I think John is looking for a vector, a ray tangent to the ellipse, not an xline.

But given that restriction, try this:

(defun ETPA (ellipse tang / ctr tangD eobj robj ints foundit) ; = Ellipse Tangent Point for Angle
  (setq
    ctr (getpropertyvalue ellipse "Center")
    tangD (* (/ tang pi) 180); in degrees for Rotate prompts
  ); setq
  (command "_.rotate" ellipse "" "_non" ctr "_reference" tangD 0); tang direction to horizontal
  (vla-getboundingbox (setq eobj (vlax-ename->vla-object ellipse)) 'minpt 'maxpt)
  (command
    "_.rectang" "_non" (vlax-safearray->list minpt) "_non" (vlax-safearray->list maxpt)
      ; rectangle with edges parallel/perpendicular to tang direction
    "_.rotate" ellipse (entlast) "" "_non" ctr "_reference" 0 tangD ; back to original orientation
  ); command
  (setq
    robj (vlax-ename->vla-object (entlast))
    ints (vlax-invoke eobj 'IntersectWith robj acExtendNone)
  ); setq
  (entdel (entlast)); delete rectangle
  (while (and ints (not foundit))
    (setq pt (list (car ints) (cadr ints) (caddr ints))); first [remaining] intersection
    (if
      (equal
        (angle
          '(0 0 0)
          (vlax-curve-getFirstDeriv ellipse (vlax-curve-getParamAtPoint ellipse pt))
        ); angle
        tang
        1e-8
      ); equal
      (setq foundit T); then [stop (while) loop, keep pt variable]
      (setq ints (cdddr ints)); else - remove latest intersection
    ); if
  ); while
  (if foundit
    (progn ; then
      (setvar 'pdmode 35); so point shows
      (command "_.point" "_non" pt)
    ); progn
    (prompt "\nEllipse does not pass at that direction anywhere."); else
  ); if
  (princ)
); defun

Kent Cooper, AIA

@Kent1Cooper 

It doesn't count for much but I said it.

Where do "virtual" lines come into this?

Yes, I can draw a house footprint CW or CCW and it's the same footprint, but here we are talking about directions.  Even a line has one start point and one endpoint, which give it a direction.  And a first derivative is a direction.

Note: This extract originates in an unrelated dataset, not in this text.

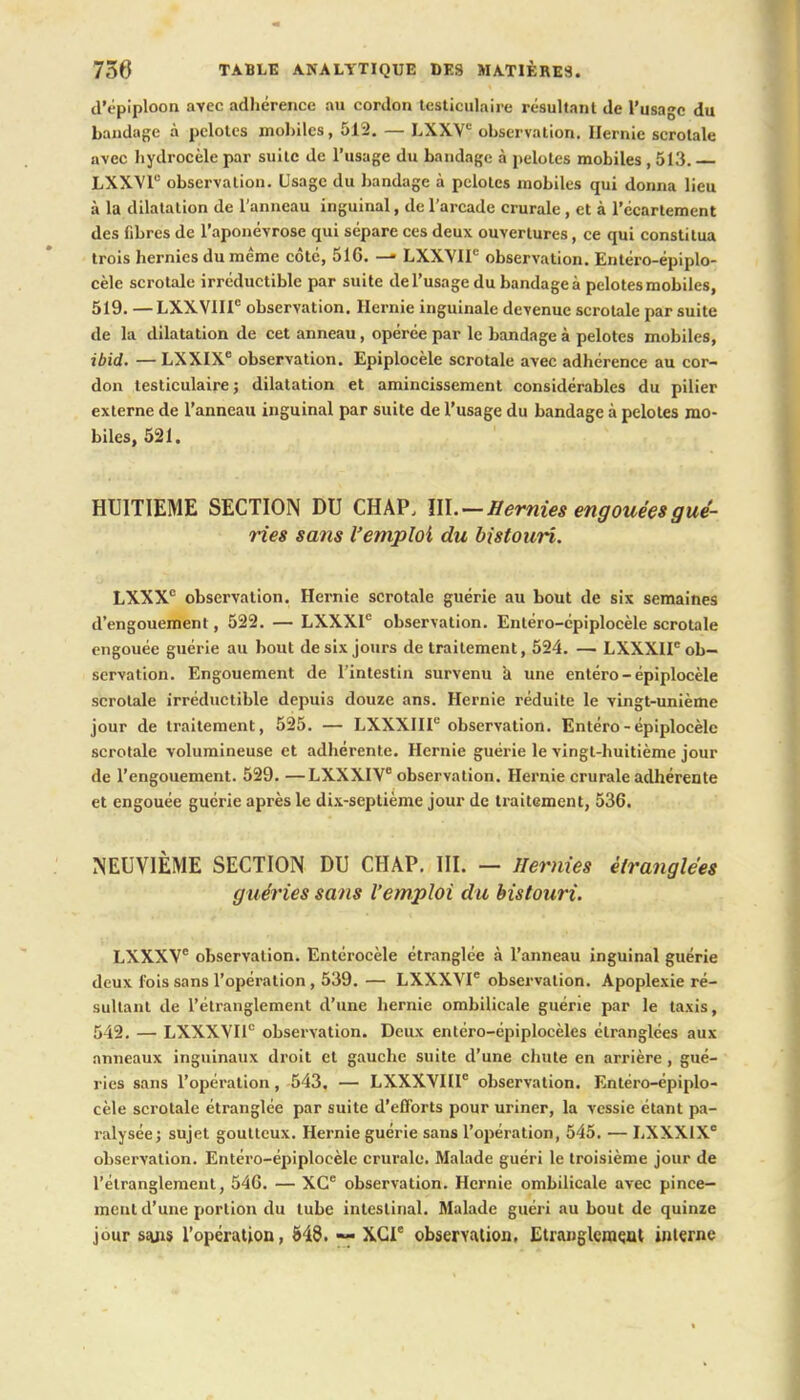 d'épiploon avec adhérence au cordon testiculaire résultant de l'usage du bandage à pelotes mobiles, 512. — LXXVe observation. Hernie scrolale avec bydrocèle par suite de l'usage du bandage à pelotes mobiles , 513. LXXVr observation. Usage du bandage à pelotes mobiles qui donna lieu à la dilatation de l'anneau inguinal, de l'arcade crurale , et à l'écarlement des fibres de l'aponévrose qui sépare ces deux ouvertures, ce qui constitua trois hernies du même côté, 516. — LXXVIP observation. Entéro-épiplo- cèle scrotale irréductible par suite de l'usage du bandage à pelotes mobiles, 519. —LXXVIIIe observation. Hernie inguinale devenue scrotale par suite de la dilatation de cet anneau, opérée par le bandage à pelotes mobiles, ibid. — LXXIXe observation. Epiplocèle scrotale avec adhérence au cor- don testiculaire ; dilatation et amincissement considérables du pilier externe de l'anneau inguinal par suite de l'usage du bandage à pelotes mo- biles, 521. HUITIEME SECTION DU CHAP, III. — Hernies engouées gué- ries sans l'emploi du bistouri. LXXX° observation. Hernie scrotale guérie au bout de six semaines d'engouement, 522. — LXXXIe observation. Entéro-épiplocèle scrotale engouée guérie au bout de six jours de traitement, 524. — LXXXII6 ob- servation. Engouement de l'intestin survenu a une entéro-épiplocèle scrotale irréductible depuis douze ans. Hernie réduite le vingt-unième jour de traitement, 525. — LXXXIIF observation. Entéro-épiplocèle scrotale volumineuse et adhérente. Hernie guérie le vingt-huitième jour de l'engouement. 529. —LXXXIV observation. Hernie crurale adhérente et engouée guérie après le dix-septième jour de traitement, 536. NEUVIÈME SECTION DU CHAP. III. — Hernies étranglées guéries sans l'emploi du bistouri. LXXXV6 observation. Entérocèle étranglée à l'anneau inguinal guérie deux fois sans l'opération, 539. — LXXXVI observation. Apoplexie ré- sultant de l'étranglement d'une hernie ombilicale guérie par le taxis, 542. — LXXXVI10 observation. Deux entéro-épiplocèles étranglées aux anneaux inguinaux droit et gauche suite d'une chute en arrière , gué- ries sans l'opération, 543. — LXXXVIII6 observation. Entéro-épiplo- cèle scrotale étranglée par suite d'efforts pour uriner, la vessie étant pa- ralysée; sujet goutteux. Hernie guérie sans l'opération, 545. — LXXX1XC observation. Entéro-épiplocèle crurale. Malade guéri le troisième jour de l'étranglement, 546. — XCe observation. Hernie ombilicale avec pince- ment d'une portion du tube intestinal. Malade guéri au bout de quinze jour sajis l'opération, M8. — XCle observation, Etranglement interne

So if you're driving up the road and come to an intersection, will a left turn point you in the same direction as a right turn?  And don't try giving me the tangent argument.  A tangent is just a unitless ratio.  A direction has units, in this example radians.  Should I have provided a surveyor's bearing instead?  I hope you won't try to tell me that a bearing of N45°W is the same direction as S45°E.  If you think they're the same "virtually" then you're not getting a job where I work.

BTW, I had said nothing about the drawn direction of the ellipse.  I just provided the entmake list so that everyone started out on the same page.

If you want to throw some mud in my face, tell me my function won't work on a mirrored ellipse (210 0.0 0.0 -1.0).

It doesn't.  I hadn't thought about that at all.